AlekNovy — June 1, 2011
Didn't OKCupid confirm these findings as well from a much larger sample size?
pg — June 1, 2011
Racists attract other racists, and complaining about racist "research" sure does bring out the racist trolls!
Sofia — June 1, 2011
I'd just like to note commenter Unamused has been banned, because apparently calling someone a "neckbeard", "illiterate ass", "white supremacist" is somehow allowable discourse while providing cited proof that there are differences in race (and gender) is not. Can't any one of you take note of that hypocrisy? Or three cheers for censorship because you won't then have to defend or question your views?
Sofia — June 1, 2011
Danny ---
I can' respond to you above. Freakonomics addressed the factors that seem to positively correlate with having a high IQ. Economists seem to be the best people to assess that data in a meaningful way.
I technically live in poverty. I'm also not a criminal, and I'm fairly smart. So, you're right, poverty doesn't account for the cycle of crime. That's why I assume it's intelligence more than anything.
Alix — June 1, 2011
People who are insecure about their own intelligence/beauty/other factor always seem to want to demonstrate that some other group is inferior.
Attractiveness varies from culture to culture and has also varied over time.
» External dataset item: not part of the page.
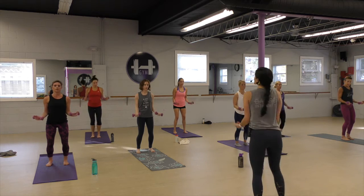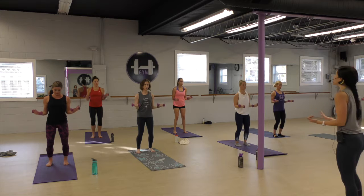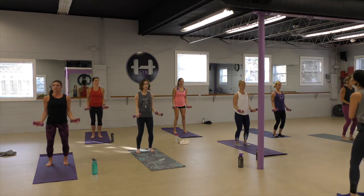Think about hugging the tops of your arms into the sides of the body. Feel the connection between the bicep and the ribcage. Hug yourself. Create resistance for you.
Intelligence tests give an indication of a person's previous ability to learn and some indication of ability to solve problems, but the tests are also culturally biased.
I've known quite a few people who didn't do so well on IQ tests who've managed to do very well in life and/or college, as well as some people who scored well on IQ tests who are floundering (as well as the converse for both). IQ may predict, but it is not infallible; because it is not infallible, it is flawed to use it as your only measure of intelligence.
I've never really been sure why some people are so intent on proving that their group is *superior* to other groups (especially when those groups are more of a continuum than an actual delineated group). Life isn't a football game. We all benefit if we are all appreciated for our contributions, and our strengths are utilized appropriately. By writing off an entire group, we are ALL weakened.